___ Excerpted data

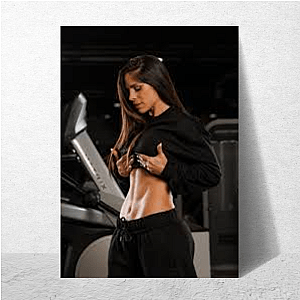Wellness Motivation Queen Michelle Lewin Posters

______
___ Excerpted data

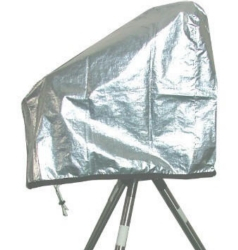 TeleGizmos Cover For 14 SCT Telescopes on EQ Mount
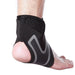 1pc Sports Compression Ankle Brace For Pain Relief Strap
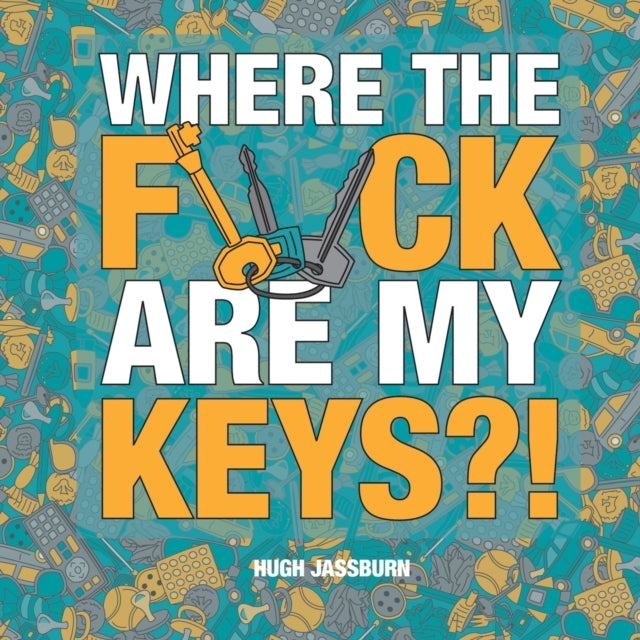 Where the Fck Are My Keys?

______
___ Excerpted data

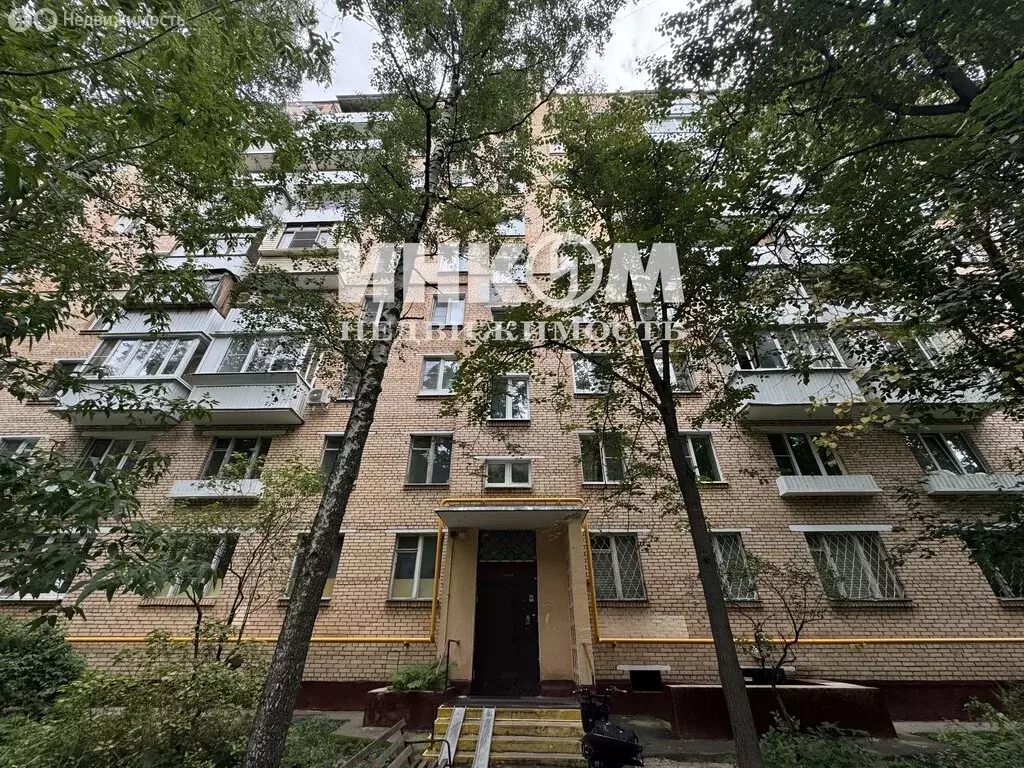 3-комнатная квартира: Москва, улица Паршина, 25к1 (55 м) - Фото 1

______

▶ [Exercise] Given the entries above, transcribe exactly the lines from the one holding "TeleGizmos Cover For" through the one holding "Where the Fck Are My Keys?"; pictures do not belong in the transcription.

▶ [Result below]
 TeleGizmos Cover For 14 SCT Telescopes on EQ Mount
 1pc Sports Compression Ankle Brace For Pain Relief Strap
 Where the Fck Are My Keys?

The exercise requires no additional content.